Metrics Calculation and Aggregation

metric_calculation module

class backend.metrics.metric_calculation.Metric_Calculation(shapes: pandas.DataFrame, gtfs_records: pandas.DataFrame, avl_records: pandas.DataFrame, params: ROVE_params)

Bases: object

Calculate stop, stop-aggregated, route, timepoint, and timepoint-aggregated level metrics. If AVL data is provided and records for the same trip_id exist across multiple days, then calculate the trip metrics by averaging across all service dates. In other words, the metric calculation module averages metrics for the same trip, so that metrics tables after calculation only contains unique route_id, trip_id and stop_pair combinations. This is the upstream calculation of metric aggregation, which averages metrics of all trips on each aggregation level.

Parameters:

shapes (pd.DataFrame) – shapes table from Shape Generation
gtfs_records (pd.DataFrame) – GTFS records table
avl_records (pd.DataFrame) – AVL records table
data_option (str) – user-specified data option

Raises:

ValueError – ‘AVL’ is in data_option but the avl_records table is None

gtfs_stop_metrics: pandas.DataFrame: Initial stop-level metrics table generated from the GTFS records table.

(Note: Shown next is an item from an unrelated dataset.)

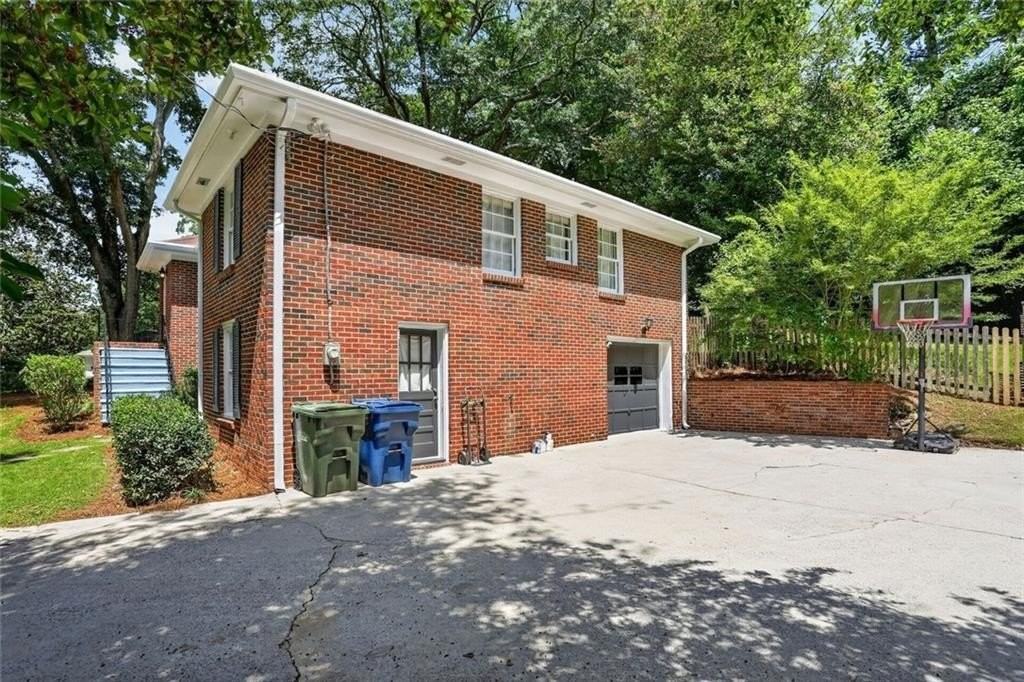 388 Lakemoore Dr Ne - Photo 2 of 31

gtfs_tpbp_metrics: Initial timepoint-level metrics table generated from the GTFS records table.

gtfs_route_metrics: Initial route-level metrics table generated from the GTFS records table.

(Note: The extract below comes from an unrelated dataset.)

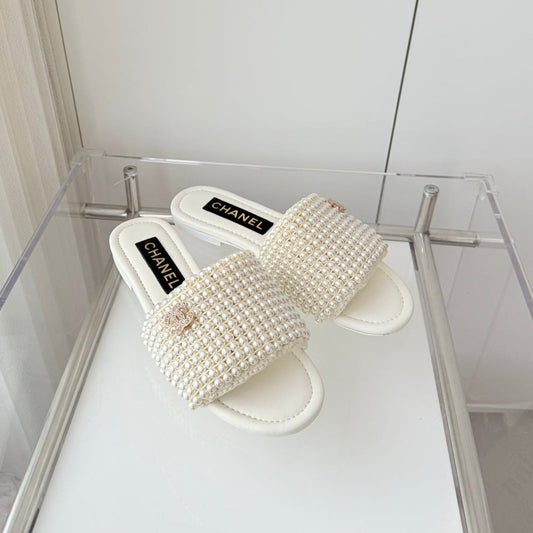 CC 25 Slippers White Leather 238743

stop_spacing(shapes): Stop spacing in ft. Distance is returned from Valhalla trace route requests in unit of kilometers.

scheduled_headway(): Scheduled headway in minutes. Defined as the difference between two consecutive scheduled arrivals of a route at the first stop of a stop pair.

scheduled_running_time(): Running time in minutes. Defined as the difference between the departure time at a stop and arrival time at the next stop.

scheduled_speed_without_dwell(): Scheduled running speed in mph. Defined as stop spacing divided by running time.

observed_headway(): Observed headway in minutes. Defined as the difference between two consecutive observed arrivals of a route at the first stop of a stop pair on each day, then averaged over all service dates.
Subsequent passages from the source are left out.